Pedophile trial first without jury in Queensland

Article from: The Courier-Mail

Tony Keim

November 04, 2008 11:00pm

A NOTORIOUS pedophile, jailed for having sex with an 11-year-old girl, will be the first in Queensland to face a criminal trial without a jury.

Ipswich District Court judge Greg Koppenol granted Roy Schloss, 79, the first jury-less trial since new state laws came into effect last month.

Barrister Andrew West, for Schloss, argued his client be granted a judge-only trial because of his repeated exposure as a pedophile in media reports spanning more than a decade.

Prosecutor Ron Swanwick did not oppose the defence's application.

Premier Anna Bligh and Attorney-General Kerry Shine announced the proposed laws in August, saying they were not aimed at specific individuals.

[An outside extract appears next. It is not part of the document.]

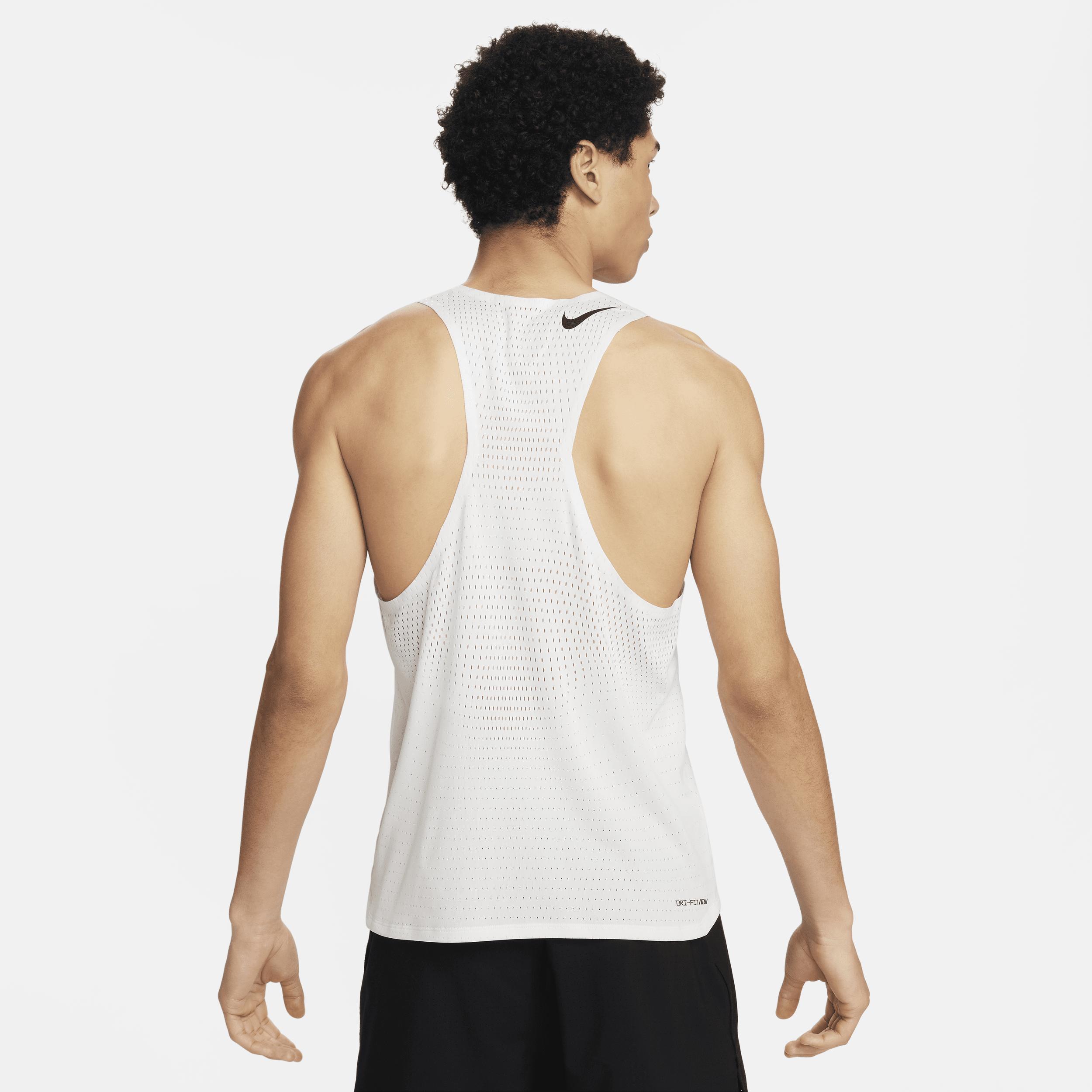 Nike Mens AeroSwift Dri-FIT ADV Running Singlet | FN4231-121 Product Image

But, they said, several high-profile cases, including those of notorious pedophile Dennis Ferguson and former Bundaberg surgeon Jayant Patel, had prompted the rethink.

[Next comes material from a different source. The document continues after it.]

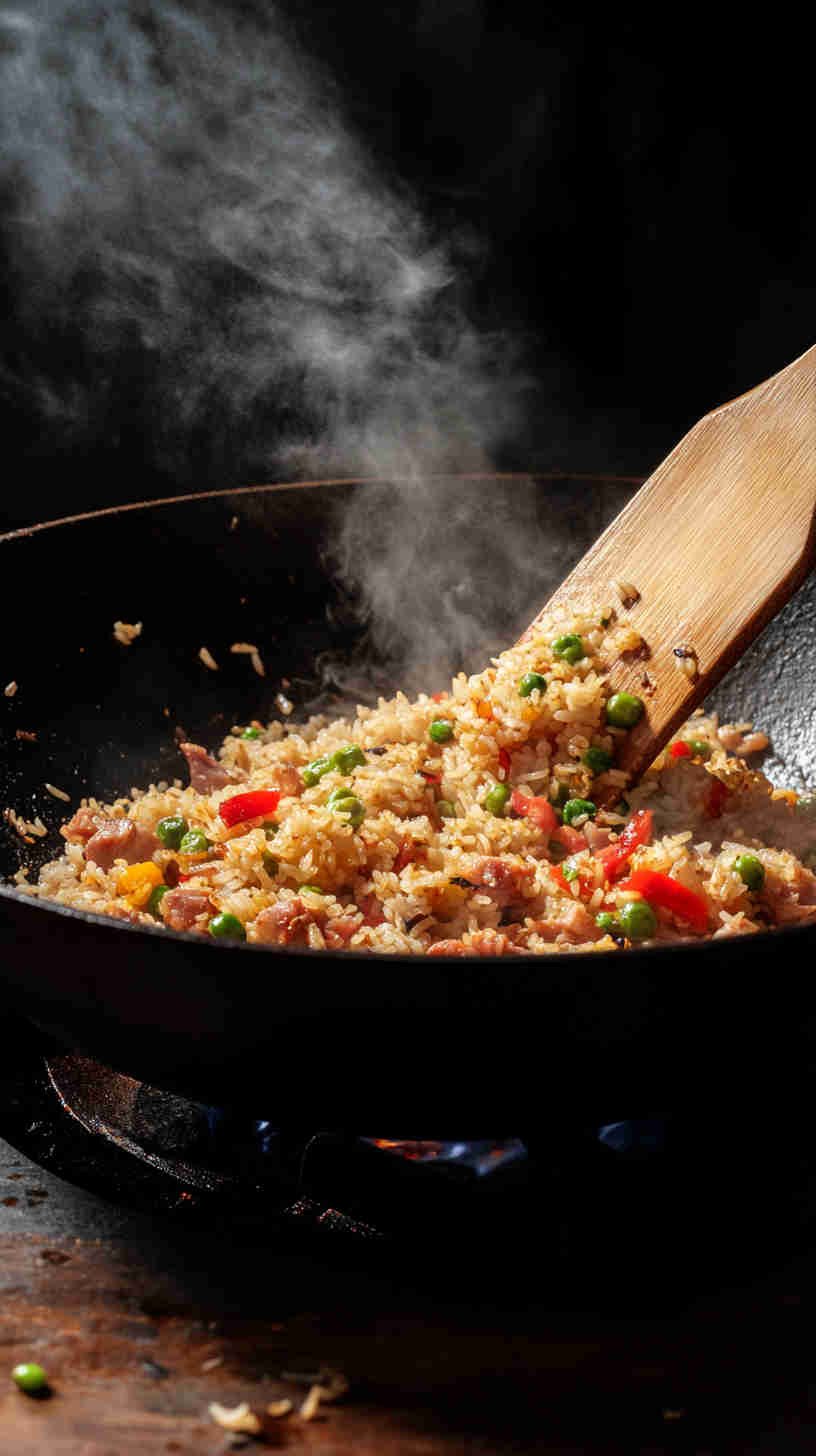 Cantonese-Style BBQ Pork Fried Rice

"Clearly there has been recent debate about the jury system here in Queensland arising out of a couple of cases," Ms Bligh said.

Mr Shine said judge-only trials would give defendants an "additional option" for having their cases heard.

Schloss has already served 11 years of a combined 21-year sentence for sexually assaulting several young girls in the 1980s and 1990s.

He will be 87 before he is eligible for release.

Schloss was convicted in 1997 for paying an Ipswich couple $20 so they could buy cigarettes in exchange for having sex with their 11-year-old daughter.

He was also convicted of molesting the girl's nine-year-old sister and sentenced to almost 13 years' jail, later reduced to nine years by the Court of Appeal.

In 2004, two more complainants came forward.

The girls, who had been teenage runaways, alleged Schloss had given them accommodation and money in return for sex when they were aged between 12 and 16.

On November 25, 2005, an Ipswich jury found Schloss guilty of raping the complainants between 1986 and 1990.

In March, he was committed to trial for allegedly raping another girl at his North Ipswich home between 1984 and 1985. That trial, without jury, begins today.

It is understood Schloss's health is in decline and that his mind may be starting to fail, an issue first flagged by his then-barrister Peter Rashleigh, who told Ipswich District Court in 2005 that Schloss was unwell, having been diagnosed with Parkinson's disease.